_YOUR TASK_
All that is needed is an exact copy of the lines from the beginning of the data below through the line containing "Herren Atmungsaktiver Microfleece-Halbreißverschluss-Pullover", minus the pictures.

Data records

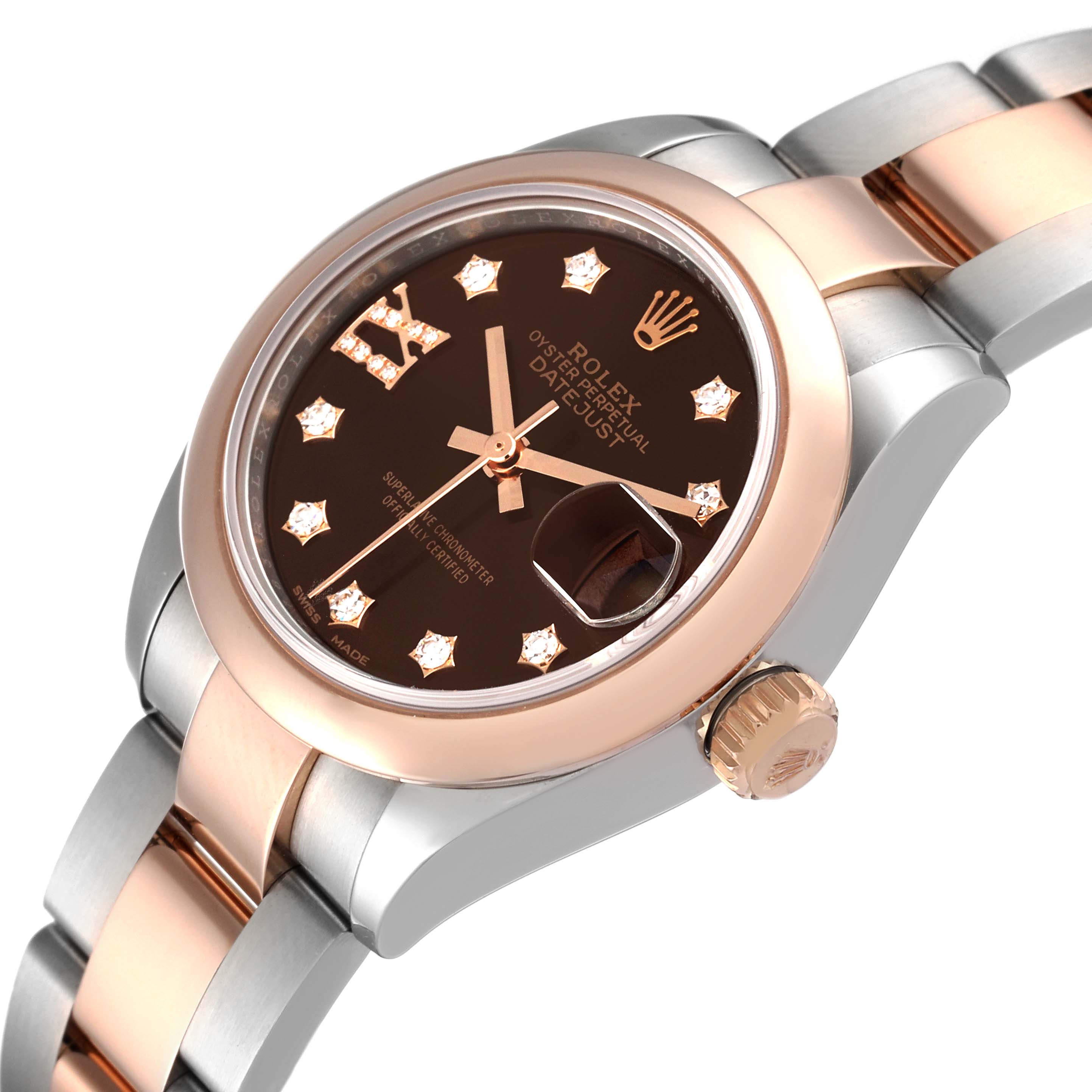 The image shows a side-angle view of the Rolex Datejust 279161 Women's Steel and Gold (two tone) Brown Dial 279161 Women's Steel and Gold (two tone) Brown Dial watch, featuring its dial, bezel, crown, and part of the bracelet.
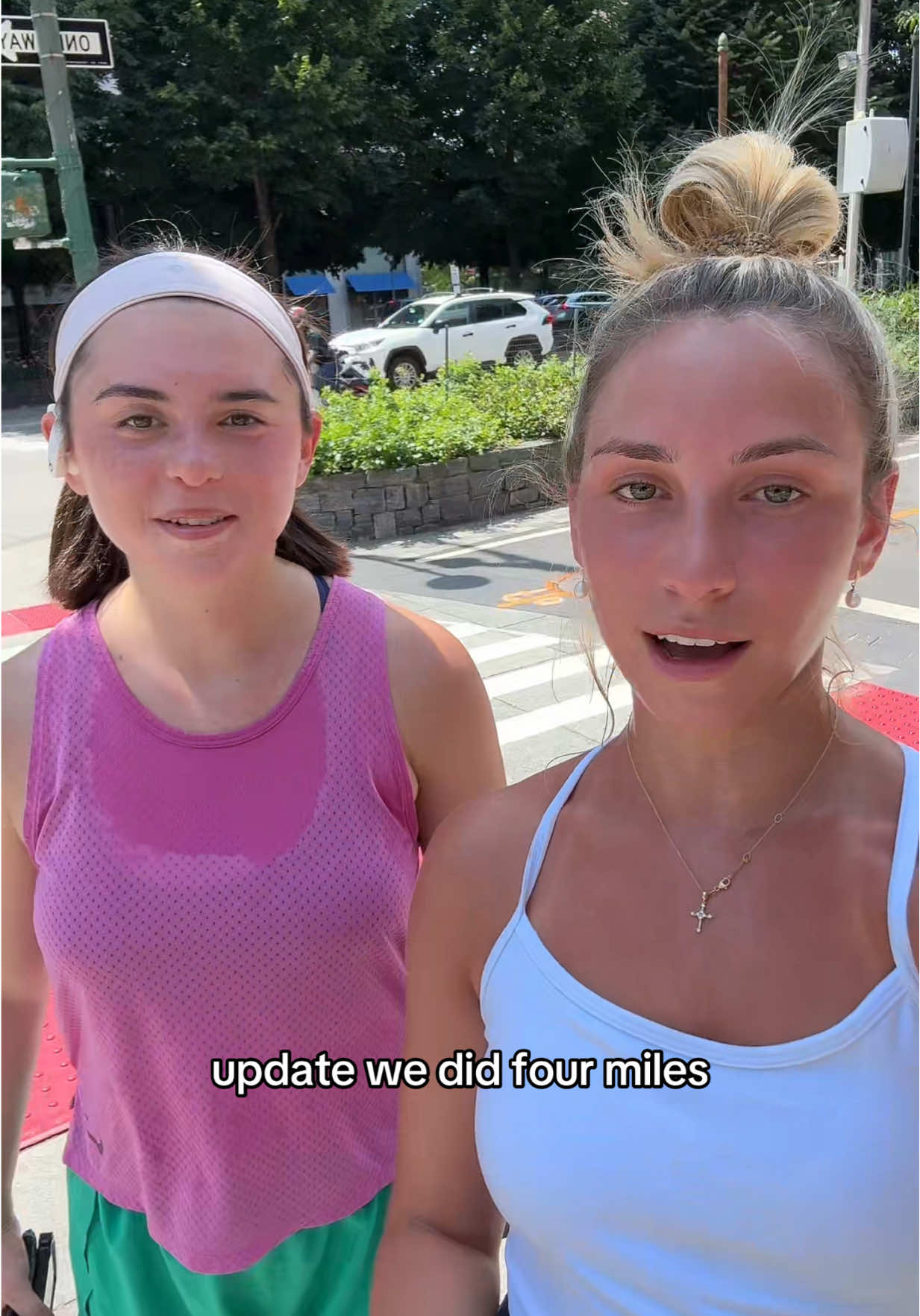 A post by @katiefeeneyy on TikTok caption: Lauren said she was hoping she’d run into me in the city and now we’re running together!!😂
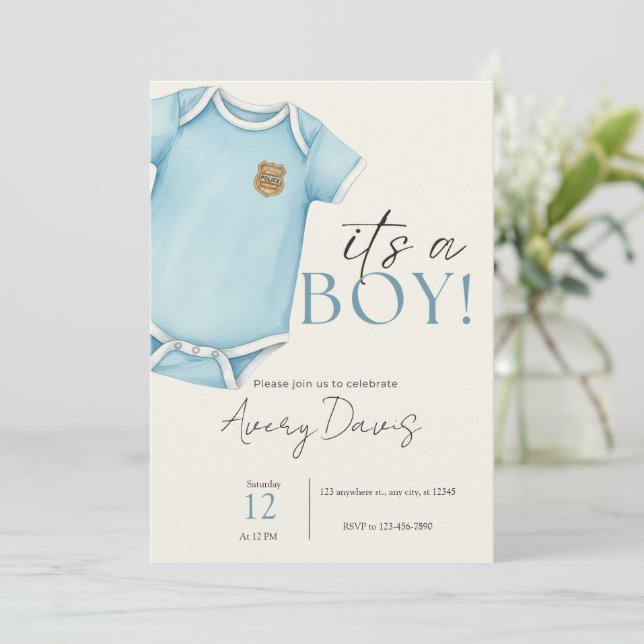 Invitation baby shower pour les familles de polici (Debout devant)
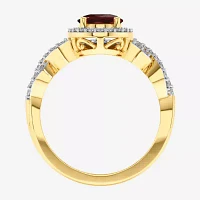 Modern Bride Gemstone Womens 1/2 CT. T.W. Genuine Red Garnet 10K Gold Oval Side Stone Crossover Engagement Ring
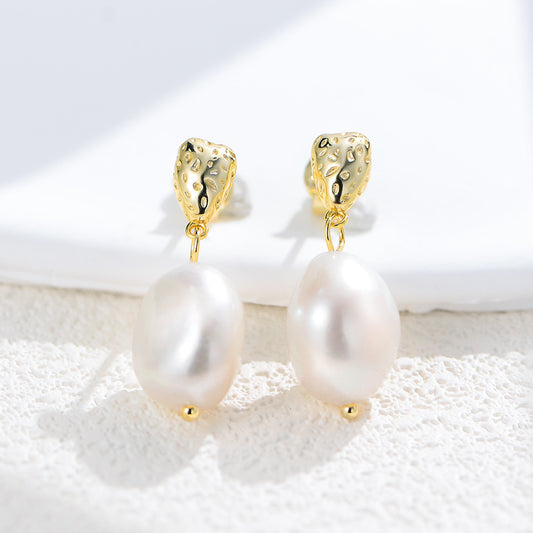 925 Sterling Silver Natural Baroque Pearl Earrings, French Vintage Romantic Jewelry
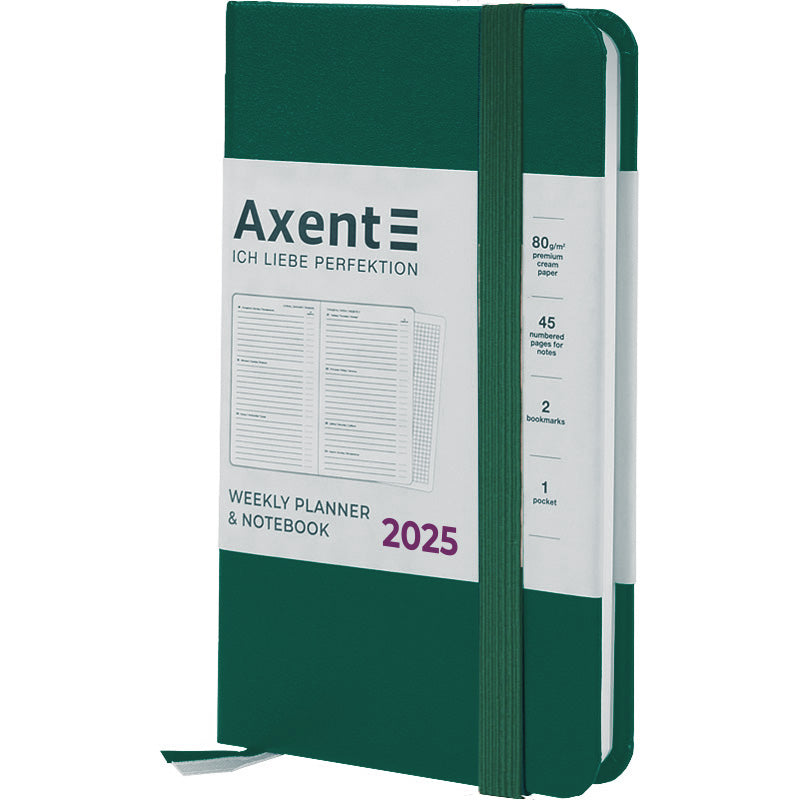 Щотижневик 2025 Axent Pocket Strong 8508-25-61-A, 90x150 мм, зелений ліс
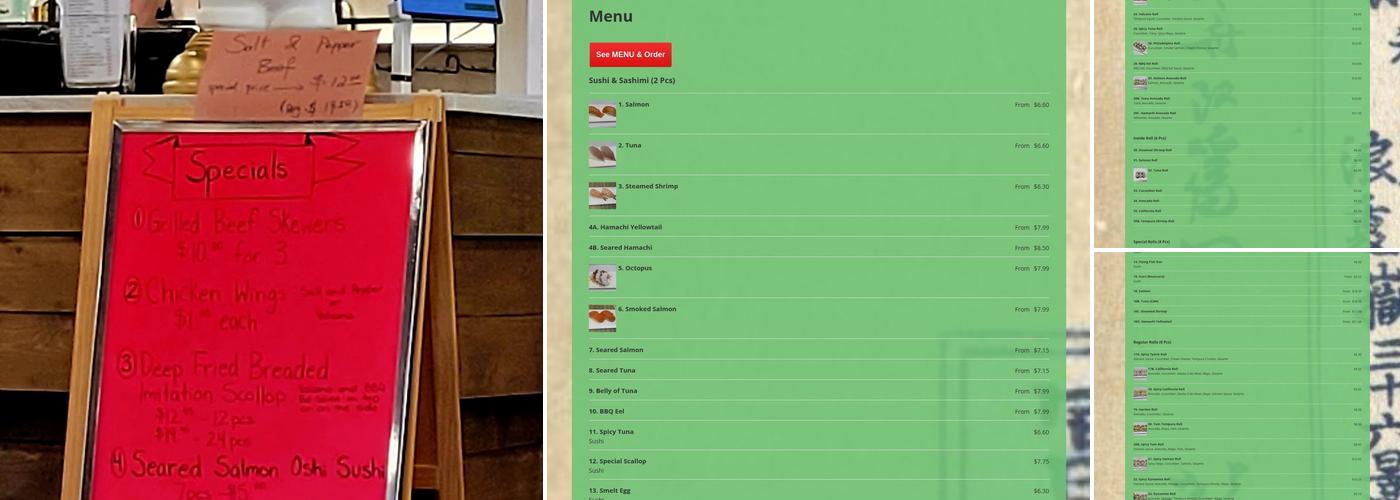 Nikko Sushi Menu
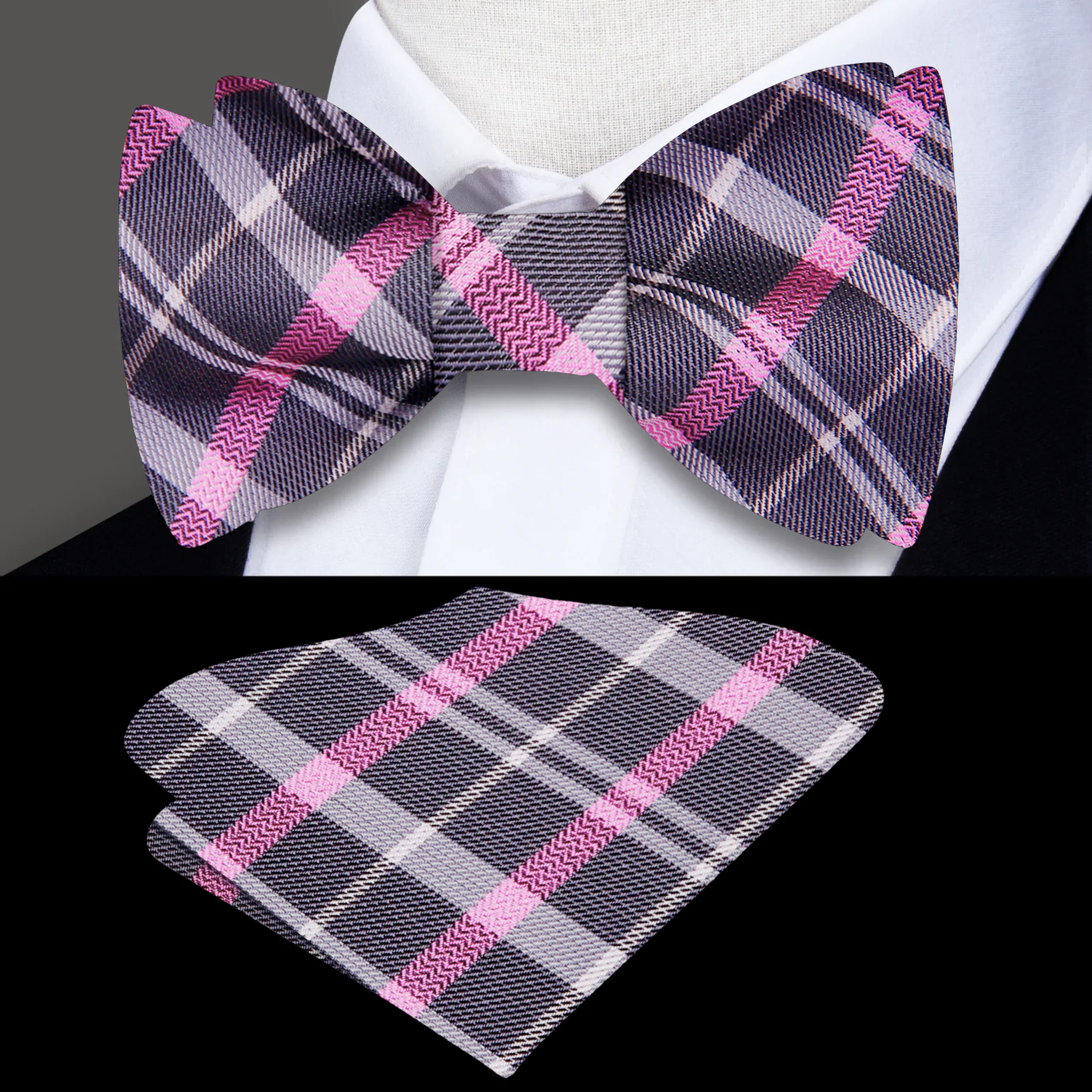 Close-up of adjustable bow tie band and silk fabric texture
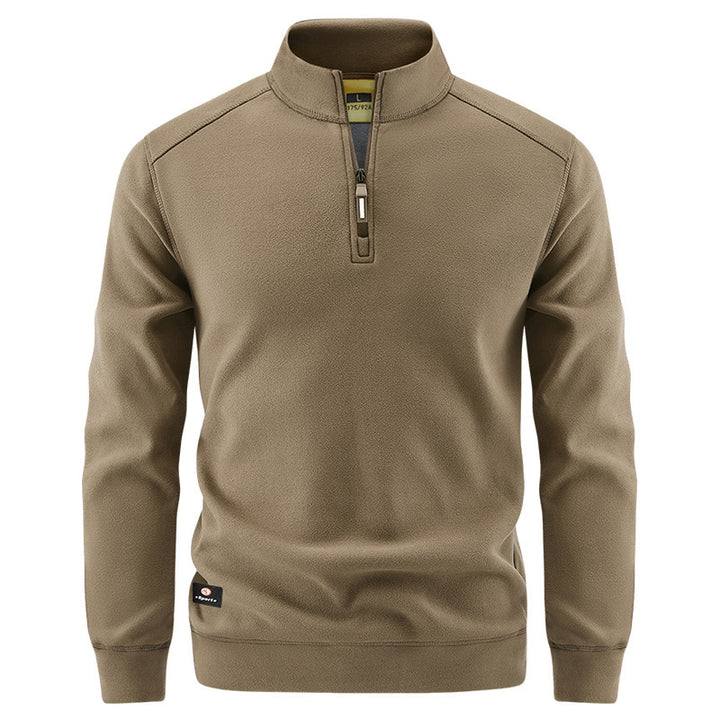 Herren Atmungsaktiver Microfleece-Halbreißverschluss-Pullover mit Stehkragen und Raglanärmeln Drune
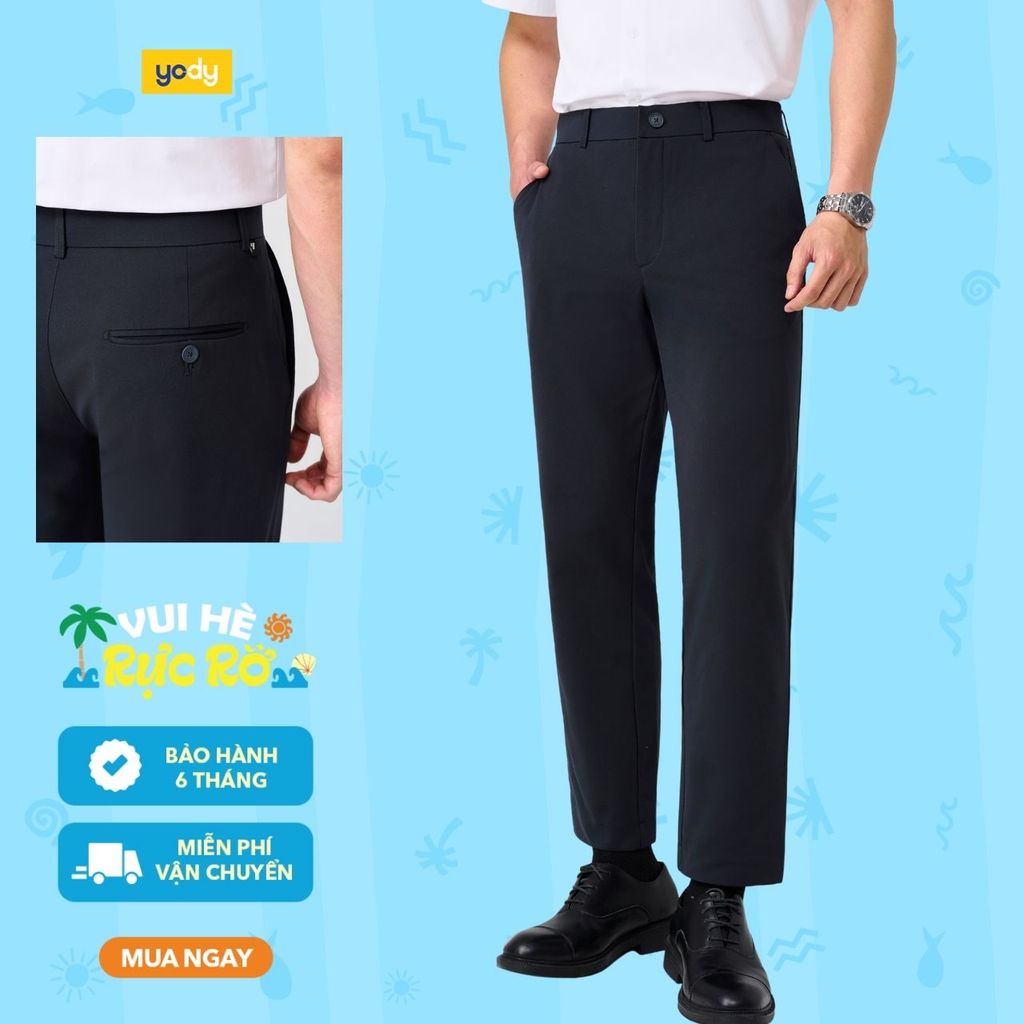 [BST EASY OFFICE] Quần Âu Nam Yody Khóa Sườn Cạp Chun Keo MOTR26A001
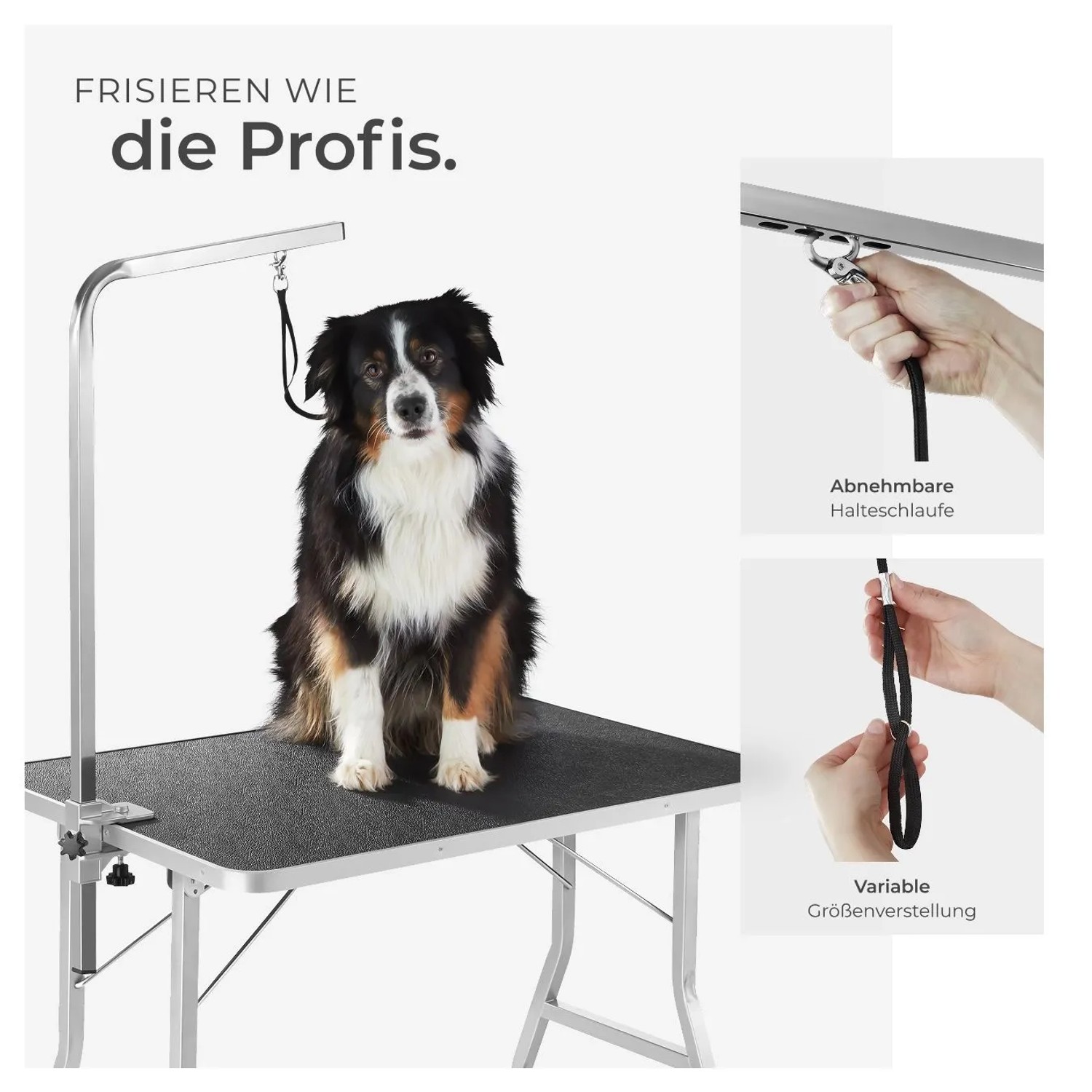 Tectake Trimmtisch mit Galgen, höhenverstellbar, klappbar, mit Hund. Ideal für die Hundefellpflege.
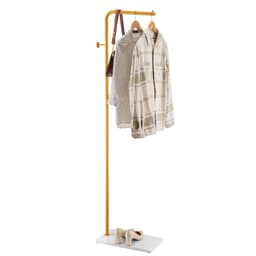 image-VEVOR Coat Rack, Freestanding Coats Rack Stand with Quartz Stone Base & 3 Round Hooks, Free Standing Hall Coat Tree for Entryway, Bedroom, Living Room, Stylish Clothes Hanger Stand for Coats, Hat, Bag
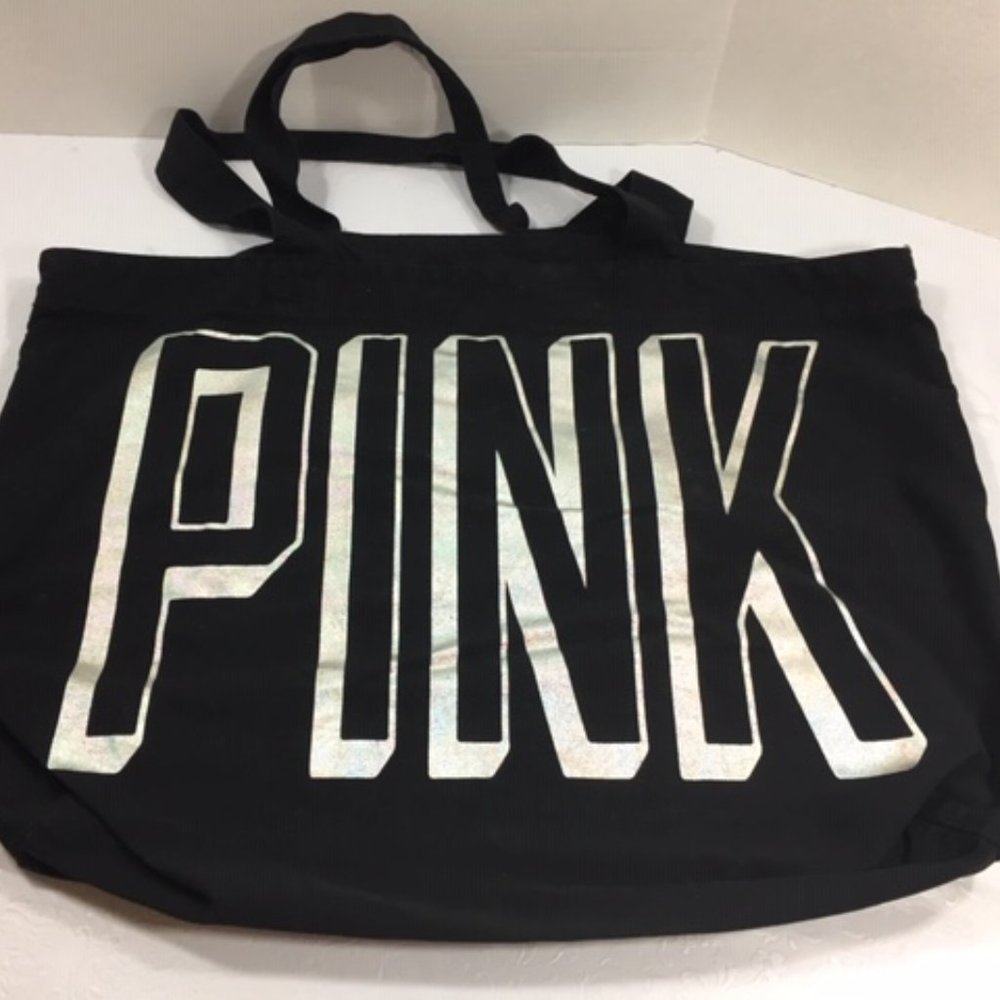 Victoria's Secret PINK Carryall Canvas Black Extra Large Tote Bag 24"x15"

_RESPONSE AREA_
 The image shows a side-angle view of the Rolex Datejust 279161 Women's Steel and Gold (two tone) Brown Dial 279161 Women's Steel and Gold (two tone) Brown Dial watch, featuring its dial, bezel, crown, and part of the bracelet.
 A post by @katiefeeneyy on TikTok caption: Lauren said she was hoping she’d run into me in the city and now we’re running together!!😂
 Invitation baby shower pour les familles de polici (Debout devant)
 Modern Bride Gemstone Womens 1/2 CT. T.W. Genuine Red Garnet 10K Gold Oval Side Stone Crossover Engagement Ring
 925 Sterling Silver Natural Baroque Pearl Earrings, French Vintage Romantic Jewelry
 Щотижневик 2025 Axent Pocket Strong 8508-25-61-A, 90x150 мм, зелений ліс
 Nikko Sushi Menu
 Close-up of adjustable bow tie band and silk fabric texture
 Herren Atmungsaktiver Microfleece-Halbreißverschluss-Pullover mit Stehkragen und Raglanärmeln Drune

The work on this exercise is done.